Overview
- Manufacturer: Chrysler (DaimlerChrysler)
- Production: 2001

Body and chassis
- Class: Minivan
- Body style: 4-door minivan
- Platform: Chrysler RS

= Chrysler Natrium =

The Chrysler Natrium was a hybrid fuel cell-type hydrogen vehicle based on the Chrysler Town and Country. It was showcased by Chrysler in 2001.

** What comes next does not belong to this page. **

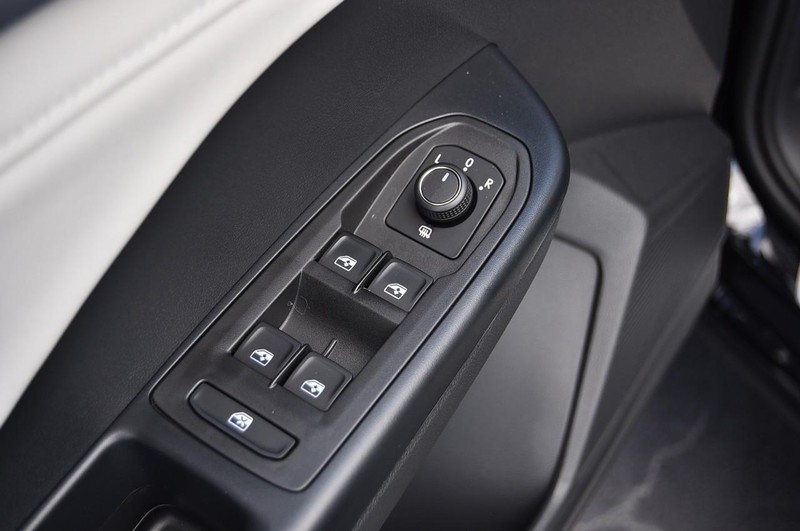 Volkswagen Taos Vehicle Image 08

The Natrium was powered by a battery pack and a fuel cell using hydrogen produced by a sodium borohydride reformer inside the car. Because the reactant (sodium borohydride, NaBH_{4}) contained no carbon, the vehicle produced no carbon dioxide. It had a range of 300 mi, similar interior space to a standard van, and could produce 110 or 240 volt alternating current.

== Name ==
"Natrium" is the Latin name of sodium, a salt of which, sodium borohydride, is used in the car's fuel cell.

==Sources==
- V. Hovland, A. Pesaran, R. Mohring, I.Eason, R. Schaller, D. Tran, T. Smith, G. Smith, “Water and Heat Balance in a Fuel Cell Vehicle With a Sodium Borohydride Hydrogen Fuel Processor.” Society of Automotive Engineer Technical paper 2003-01-2271.
- A Schell, H. Peng, D. Tran, E. Stamos, C.C. Lin, M.J. Kim. “Modeling and control strategy development for fuel cell electric vehicles.” Annual Reviews in Control 29 (2005) 159–168.